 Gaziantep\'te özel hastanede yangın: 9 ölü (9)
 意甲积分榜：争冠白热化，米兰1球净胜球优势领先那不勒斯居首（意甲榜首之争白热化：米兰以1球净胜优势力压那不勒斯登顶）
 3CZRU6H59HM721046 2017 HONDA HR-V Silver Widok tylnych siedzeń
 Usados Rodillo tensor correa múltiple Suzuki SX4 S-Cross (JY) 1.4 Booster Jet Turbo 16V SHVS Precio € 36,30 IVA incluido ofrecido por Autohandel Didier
...
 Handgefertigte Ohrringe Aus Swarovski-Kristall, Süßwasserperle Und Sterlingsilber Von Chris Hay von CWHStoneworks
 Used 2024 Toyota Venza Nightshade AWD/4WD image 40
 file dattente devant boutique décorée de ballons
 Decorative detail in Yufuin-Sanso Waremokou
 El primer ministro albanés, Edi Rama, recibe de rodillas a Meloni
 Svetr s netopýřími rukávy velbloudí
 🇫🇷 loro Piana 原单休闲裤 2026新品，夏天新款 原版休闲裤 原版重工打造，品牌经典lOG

- _TASK BRIEF_
Only the lines above from the line containing "Handgefertigte Ohrringe Aus" through the line containing "2026新品，夏天新款 原版休闲裤 原版重工打造，品牌经典lOG" should be retyped, exactly and with both ends included.

- _EXERCISE RESPONSE_
 Handgefertigte Ohrringe Aus Swarovski-Kristall, Süßwasserperle Und Sterlingsilber Von Chris Hay von CWHStoneworks
 Used 2024 Toyota Venza Nightshade AWD/4WD image 40
 file dattente devant boutique décorée de ballons
 Decorative detail in Yufuin-Sanso Waremokou
 El primer ministro albanés, Edi Rama, recibe de rodillas a Meloni
 Svetr s netopýřími rukávy velbloudí
 🇫🇷 loro Piana 原单休闲裤 2026新品，夏天新款 原版休闲裤 原版重工打造，品牌经典lOG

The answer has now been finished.